● **Exercise prompt**
Beginning with the first line, please repeat the entries exactly and end on the line that contains "Beyond Yoga Plum Purple Set - Picture 5 of 6".

Records from a data collection:
━━━━━━━━━━━━━━━━

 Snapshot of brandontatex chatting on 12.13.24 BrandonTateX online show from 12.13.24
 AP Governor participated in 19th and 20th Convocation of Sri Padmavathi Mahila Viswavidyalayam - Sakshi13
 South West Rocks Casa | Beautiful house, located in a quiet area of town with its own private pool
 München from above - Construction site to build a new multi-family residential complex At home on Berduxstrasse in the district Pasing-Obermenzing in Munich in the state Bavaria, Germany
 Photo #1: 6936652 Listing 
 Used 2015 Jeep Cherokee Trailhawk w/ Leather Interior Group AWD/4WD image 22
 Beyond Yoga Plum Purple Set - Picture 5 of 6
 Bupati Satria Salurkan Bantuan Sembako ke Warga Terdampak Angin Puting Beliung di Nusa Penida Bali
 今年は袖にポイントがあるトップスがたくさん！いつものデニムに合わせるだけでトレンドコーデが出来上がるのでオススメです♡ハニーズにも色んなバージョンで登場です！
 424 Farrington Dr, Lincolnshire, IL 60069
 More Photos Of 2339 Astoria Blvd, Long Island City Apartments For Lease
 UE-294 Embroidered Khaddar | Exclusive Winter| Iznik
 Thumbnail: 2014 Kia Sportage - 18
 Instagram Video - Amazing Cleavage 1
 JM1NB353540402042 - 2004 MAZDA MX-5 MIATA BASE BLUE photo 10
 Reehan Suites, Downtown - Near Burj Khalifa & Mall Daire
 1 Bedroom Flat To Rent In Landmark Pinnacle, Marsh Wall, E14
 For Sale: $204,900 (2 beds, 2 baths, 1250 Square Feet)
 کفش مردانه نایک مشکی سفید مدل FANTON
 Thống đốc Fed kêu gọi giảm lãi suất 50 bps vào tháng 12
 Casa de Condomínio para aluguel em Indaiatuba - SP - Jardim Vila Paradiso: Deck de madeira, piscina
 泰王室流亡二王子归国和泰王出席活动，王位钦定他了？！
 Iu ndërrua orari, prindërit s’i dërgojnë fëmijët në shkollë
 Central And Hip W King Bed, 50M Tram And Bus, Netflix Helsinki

━━━━━━━━━━━━━━━━

● **Expected answer**
 Snapshot of brandontatex chatting on 12.13.24 BrandonTateX online show from 12.13.24
 AP Governor participated in 19th and 20th Convocation of Sri Padmavathi Mahila Viswavidyalayam - Sakshi13
 South West Rocks Casa | Beautiful house, located in a quiet area of town with its own private pool
 München from above - Construction site to build a new multi-family residential complex At home on Berduxstrasse in the district Pasing-Obermenzing in Munich in the state Bavaria, Germany
 Photo #1: 6936652 Listing 
 Used 2015 Jeep Cherokee Trailhawk w/ Leather Interior Group AWD/4WD image 22
 Beyond Yoga Plum Purple Set - Picture 5 of 6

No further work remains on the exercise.